However, the tragic event that followed on January 8 broke the hearts of Iranians inside and outside country. A Ukrainian Airlines passenger plane Boeing 737-800 which had departed from Tehran and was heading to Kiev carrying 176 passengers, predominantly Iranian or dual Iranian/Canadian nationals, suddenly crashed, immediately resulting in the death of all passengers and crew members.
Initial accounts given by Iranian officials on the reason the Ukrainian airline plane crashed included technical aircraft problems, ruling out the possibility that one of Iran's own missiles may have brought the plane down. On Saturday morning however, many Iranian expats, between 6000-10,000 of us who live here in New Zealand, realised that the worst had in fact occurred.
Following international pressure for a full investigation of events leading up to the tragic event - and an unverified video footage showing a missile hitting a passenger plane - in the early hours on January 11, the Iranian officials finally announced preliminary internal investigations by armed forces reveal "human error at time of crisis caused by US adventurism led to the disaster". The plane was shot down by Iran's very own military by mistake.
Most Iranians, including myself, have very strong family bonds and ties with our home country where our families live and are proud of our cultural heritage. In this sense, the victims of this tragic crash were no different from many other members of the Iranian community who live here in New Zealand.
They were visiting home to see family members during the Christmas holidays. Since hearing this news, many of us are struggling to grasp how in a country where inflation is at its ultimate highest, lives seems seem to be the cheapest and least worthy.
We are infuriated, deeply saddened and in a state of absolute shock.
We not only lost valuable innocent lives, we lost a wealth of experience, skills and expertise. Reports have said most who died were predominantly academics, general physicians, dentists, scientists, PhD and masters' candidates, professionals in Canada. Predominantly they were people who had migrated in pursuit of knowledge and higher education. We lost our prodigies. We lost the critics and conscience of societies.

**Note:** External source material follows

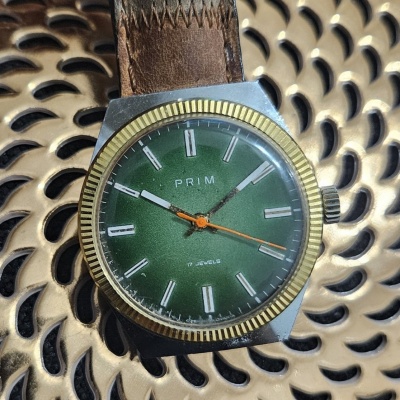 Prim  aLa rolex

In Iranian culture, grieving is never done alone but rather as one big family and over an extensive period. Over the next couple of weeks, Iranian organisations and community groups in all major cities in New Zealand and around the world are organising support groups and sessions giving the community the opportunity to grief and console. For those grieving, these sessions may provide some relief.
Most Iranians born in the 1980s have learned to be very strong and resilient. We have had to be, under the constant shadow of the threat of war; crushing international sanctions where we watch the devaluation of our currency before our eyes; and bear/hear news of our politically-active youth who are either oppressed or arrested.
But right now, we feel angered, heartbroken and tired and look for justice and accountability by those who directly or indirectly brought about this catastrophic national tragedy.
Now more than ever, we are in grief and in need of truth and transparency for closure. We grieve and wait with a glimpse of hope and whole lot of dread, as the politicians play the blame game.
We already fear what history has repeatedly shown us. Whether that be through loss of lives, or through a new series of suffocating sanctions and debts, it is the people who end up paying for the cost of this national and international tragedy.
• Nadia Sal is an Iranian-born, Wellington based researcher and former community leader.